Редактор — А. Проханов.
Обновляется по средам.
Владимир Винников
ЗАГАДКА И ПОСТМОДЕРН
Из книги «Эстетика русской загадки»
В славянских языках само понятие "загадки" генетически (этимологически) связано с глаголом "гадати", имеющем значение "думать, мыслить". И везде, за исключением сербско-хорватского языка, наблюдается соответствие понятия "загадки" со словом "гад", обозначающим животных вообще, но пресмыкающихся и змей в особенности. Скорее всего, это сближение не случайно, и гипотеза о загадке-отгадке как ритуальном обращении животного-тотема (или его представителя) к человеку, а также ответе на такое обращение, самостоятельном, либо от имени иного животного-тотема, влечет за собой вывод о глубочайшей древности загадки как жанра, в пользу которого косвенно свидетельствуют, помимо указаного этимологического родства, как известная античная легенда об Эдипе, так и многочисленные изображения змеек-ящеров (гадов) на протославянской и древнеславянской керамике.
Между тем, с точки зрения культурологии, совершенно очевидным выглядит и тот факт, что феномен загадки развивается из собственно мантических жанров (гаданий, предсказаний, пророчеств) на стадии перехода того или иного человеческого сообщества от континуального (пространственно-временного) к каузальному (причинно- следственному) мышлению, что хорошо выражено известным латинским афоризмом "Рost hoc ergo propter hoc" (после того — значит, вследствие того). В качестве доказательства правоты данной гипотезы можно привести факт значительного сужения ареала загадки сравнительно с ареалом предсказаний. У некоторых примитивных племен и народностей мира загадки или вообще отсутствуют, или употребляются редко. Характерна и высокая корреляция использования загадок с использованием "параллельного жанра" пословиц, а также бытование у ряда африканских народностей жанра "загадкопословицы". В частности, у австралийских аборигенов, стоящих на самом примитивном из доступных наблюдению уровне развития, уже присутствуют магические ритуалы, но еще нет ни института предсказаний (мантика), ни пословиц с загадками как таковых.

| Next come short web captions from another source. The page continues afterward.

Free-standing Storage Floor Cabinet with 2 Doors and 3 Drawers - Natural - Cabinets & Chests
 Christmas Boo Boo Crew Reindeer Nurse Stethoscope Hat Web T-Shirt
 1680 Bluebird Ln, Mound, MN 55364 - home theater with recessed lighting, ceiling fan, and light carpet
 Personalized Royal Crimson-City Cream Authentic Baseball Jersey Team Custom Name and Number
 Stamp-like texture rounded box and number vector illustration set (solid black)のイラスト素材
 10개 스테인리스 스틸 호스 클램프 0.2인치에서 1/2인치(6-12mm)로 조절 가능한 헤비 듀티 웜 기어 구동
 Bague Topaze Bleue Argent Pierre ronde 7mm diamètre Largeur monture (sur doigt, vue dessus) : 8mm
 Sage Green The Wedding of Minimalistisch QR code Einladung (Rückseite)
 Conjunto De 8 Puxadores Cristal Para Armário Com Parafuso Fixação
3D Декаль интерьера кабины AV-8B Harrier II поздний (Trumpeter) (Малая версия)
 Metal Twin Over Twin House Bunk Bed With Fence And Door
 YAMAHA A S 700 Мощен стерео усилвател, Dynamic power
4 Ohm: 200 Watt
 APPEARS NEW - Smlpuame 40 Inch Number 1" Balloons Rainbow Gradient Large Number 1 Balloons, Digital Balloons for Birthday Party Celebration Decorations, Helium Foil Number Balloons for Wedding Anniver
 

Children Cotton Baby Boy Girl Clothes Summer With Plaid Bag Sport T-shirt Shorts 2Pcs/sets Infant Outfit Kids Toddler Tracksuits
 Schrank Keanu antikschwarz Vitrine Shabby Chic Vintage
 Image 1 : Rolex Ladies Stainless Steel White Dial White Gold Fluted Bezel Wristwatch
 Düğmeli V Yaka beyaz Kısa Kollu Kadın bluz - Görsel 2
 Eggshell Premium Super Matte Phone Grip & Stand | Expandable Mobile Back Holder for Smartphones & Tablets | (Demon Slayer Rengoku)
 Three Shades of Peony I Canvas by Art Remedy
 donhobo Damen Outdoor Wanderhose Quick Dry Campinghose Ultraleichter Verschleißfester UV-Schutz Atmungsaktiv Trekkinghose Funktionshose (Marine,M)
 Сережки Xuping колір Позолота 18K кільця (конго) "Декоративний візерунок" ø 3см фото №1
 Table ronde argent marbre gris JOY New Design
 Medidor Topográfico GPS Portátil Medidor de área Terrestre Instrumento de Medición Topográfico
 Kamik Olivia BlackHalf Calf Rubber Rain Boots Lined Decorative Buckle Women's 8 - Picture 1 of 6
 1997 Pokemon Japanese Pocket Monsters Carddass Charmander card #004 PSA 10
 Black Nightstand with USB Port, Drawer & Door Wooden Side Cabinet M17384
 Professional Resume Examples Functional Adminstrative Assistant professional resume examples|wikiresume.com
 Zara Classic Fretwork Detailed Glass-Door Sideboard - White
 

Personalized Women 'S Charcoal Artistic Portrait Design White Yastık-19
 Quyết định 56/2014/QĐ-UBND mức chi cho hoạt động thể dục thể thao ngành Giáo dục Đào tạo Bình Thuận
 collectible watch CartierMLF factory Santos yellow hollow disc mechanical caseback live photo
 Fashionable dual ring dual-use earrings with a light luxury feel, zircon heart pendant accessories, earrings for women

Отсутствует у них и иносказание как таковое, хотя предыдущая стадия словесного творчества, сращение понятий (таких, как "Змея-Радуга") применяется весьма часто.
Собственно, само бытие загадки предполагает не только "старшинство в знаниях" со стороны загадывающего, но и ритуальное преодоление этого "старшинства" со стороны отгадывающего, свидетельство перехода его со ступени простейшего аналогического мышления на более высокую ступень мышления процессуального, уже "внутри себя" подразделяющегося с течением времени на континуальное и каузальное. Не случайно в загадке широко распространен прием отрицания "сходства по аналогии": "Черен, да не ворон, рогат, да не бык". Более того, в загадке "взят" барьер видимой причинности — барьер, достаточно серьезный, например, еще для старших софистов античности. И сам образ в загадке строится с опорой именно на этот барьер — чтобы тем вернее преодолеть его в отгадке.
Семантический тип загадочных высказываний, при всем многообразии задействованных словесных конструкций, сводится к единой формуле: признак (действие) названного объекта, квази-объекта загадки сопоставляется с признаком (действием), которое не может принадлежать данному квази-объекту, явно или скрыто вступающим в противоречие с первым. Сам объект при этом или вообще выводится за пределы загадочного высказывания, или же замещается квази-объектом (неодушевленный, как правило, одушевленным, неживой — живым, и наоборот). Нарушение в загадке видимых причинно-следственных связей бытия относит названный в загадочном высказывании квази-объект к категории Безобразного (а иногда, в "эротематических" загадках — и Низменного), так что лишь отгадка, которая устанавливает действительную природу загаданного объекта, дает эффект комического снятия и разрешения данного противоречия.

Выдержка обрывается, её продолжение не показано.